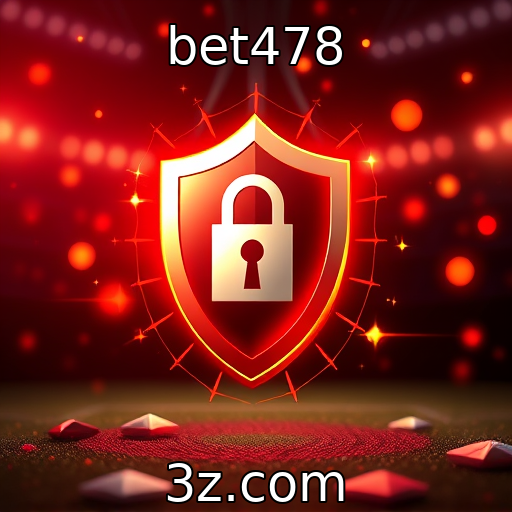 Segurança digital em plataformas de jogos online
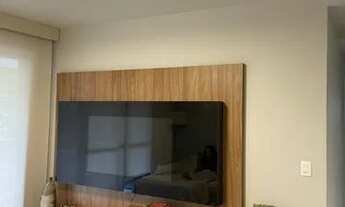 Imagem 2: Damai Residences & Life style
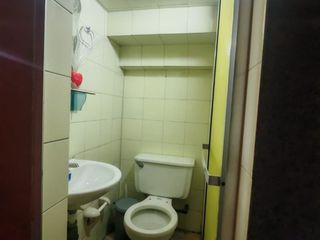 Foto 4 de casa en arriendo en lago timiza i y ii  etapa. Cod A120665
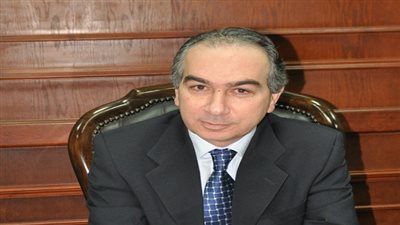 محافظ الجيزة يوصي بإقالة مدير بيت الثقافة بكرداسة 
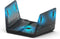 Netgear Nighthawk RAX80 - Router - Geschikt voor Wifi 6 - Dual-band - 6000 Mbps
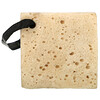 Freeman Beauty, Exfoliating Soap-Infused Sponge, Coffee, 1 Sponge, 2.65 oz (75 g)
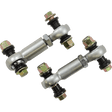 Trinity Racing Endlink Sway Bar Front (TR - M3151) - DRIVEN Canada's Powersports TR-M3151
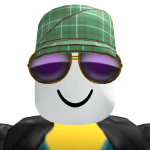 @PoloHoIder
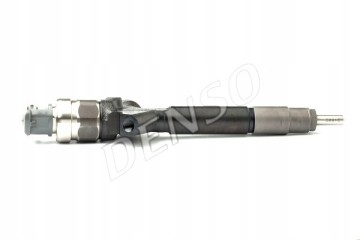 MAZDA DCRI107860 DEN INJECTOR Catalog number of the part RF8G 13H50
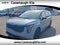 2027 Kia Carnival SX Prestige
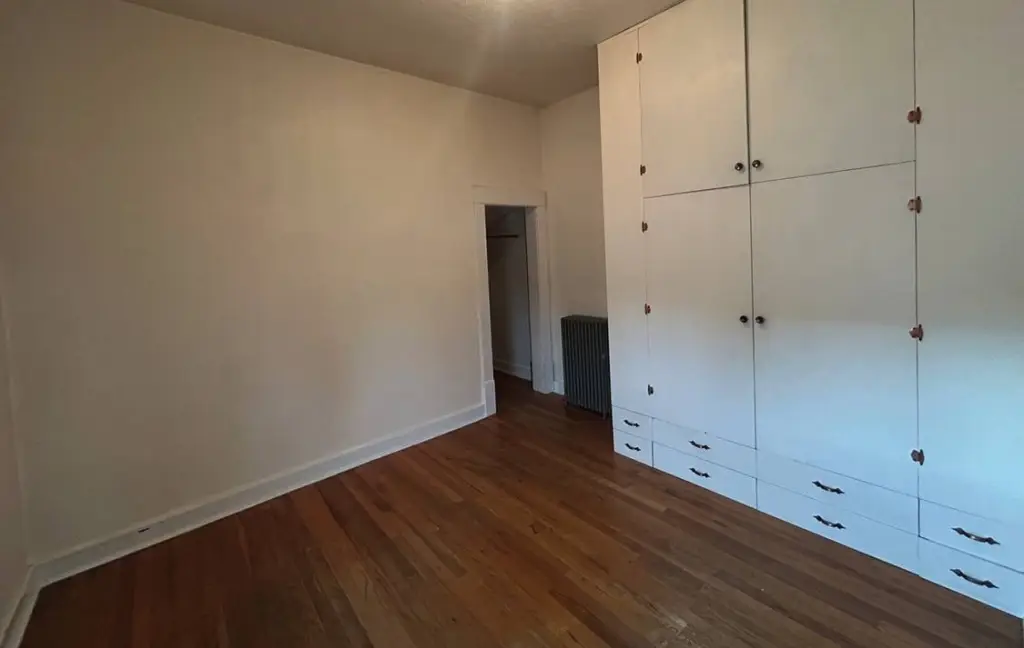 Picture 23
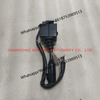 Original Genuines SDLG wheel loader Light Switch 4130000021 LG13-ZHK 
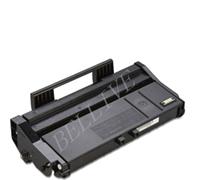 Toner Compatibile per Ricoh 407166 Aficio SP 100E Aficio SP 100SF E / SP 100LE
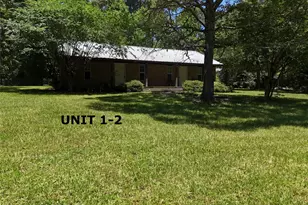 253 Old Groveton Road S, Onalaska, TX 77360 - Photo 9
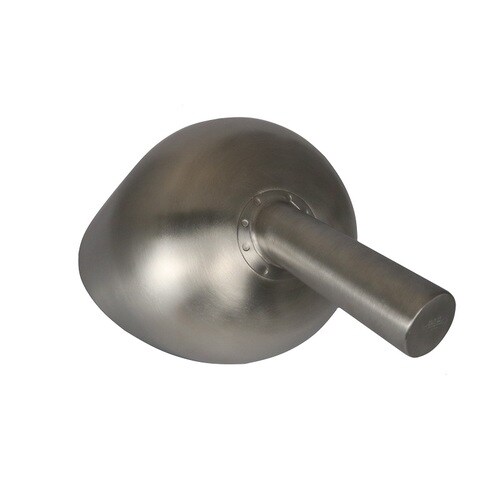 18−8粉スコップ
- - -
## What you should do:
Please give every line above again word for word, apart from the pictures.

## The completed task:
 Segurança digital em plataformas de jogos online
 Imagem 2: Damai Residences & Life style
 Foto 4 de casa en arriendo en lago timiza i y ii  etapa. Cod A120665
 محافظ الجيزة يوصي بإقالة مدير بيت الثقافة بكرداسة 
 Netgear Nighthawk RAX80 - Router - Geschikt voor Wifi 6 - Dual-band - 6000 Mbps
 Freeman Beauty, Exfoliating Soap-Infused Sponge, Coffee, 1 Sponge, 2.65 oz (75 g)
 Trinity Racing Endlink Sway Bar Front (TR - M3151) - DRIVEN Canada's Powersports TR-M3151
 @PoloHoIder
 MAZDA DCRI107860 DEN INJECTOR Catalog number of the part RF8G 13H50
 2027 Kia Carnival SX Prestige
 Picture 23
 Original Genuines SDLG wheel loader Light Switch 4130000021 LG13-ZHK 
 Toner Compatibile per Ricoh 407166 Aficio SP 100E Aficio SP 100SF E / SP 100LE
 253 Old Groveton Road S, Onalaska, TX 77360 - Photo 9
 18−8粉スコップ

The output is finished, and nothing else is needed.